▶ _SUPPLIED MATERIAL_:
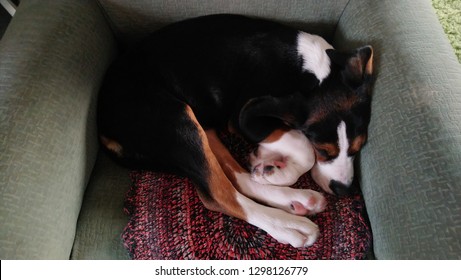 Finnish Hound Puppy Sleep On The Chair.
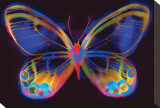 Butterfly II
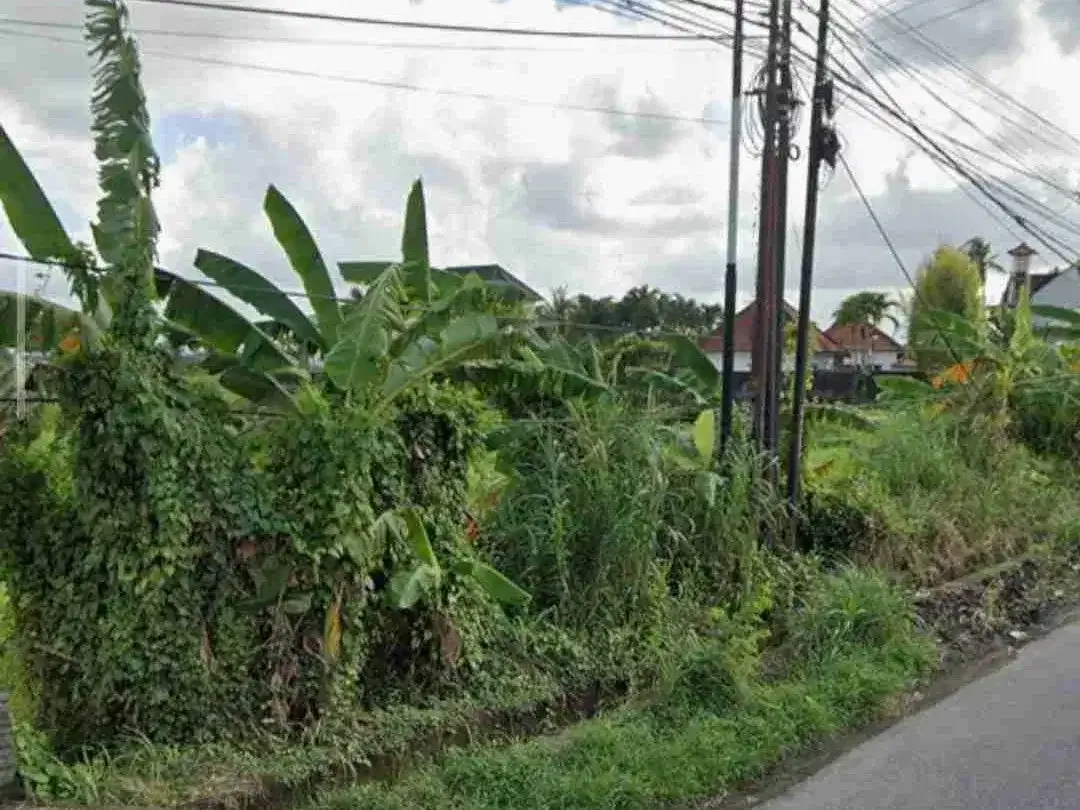 Tanah Komersial 2.650m² Jalan Raya Pantai Nyanyi - Image 3 of 10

▶ _WORK REQUIRED_:
Each line of the data needs to be output exactly, with any image excluded.

▶ _ANSWER SECTION_:
 Finnish Hound Puppy Sleep On The Chair.
 Butterfly II
 Tanah Komersial 2.650m² Jalan Raya Pantai Nyanyi - Image 3 of 10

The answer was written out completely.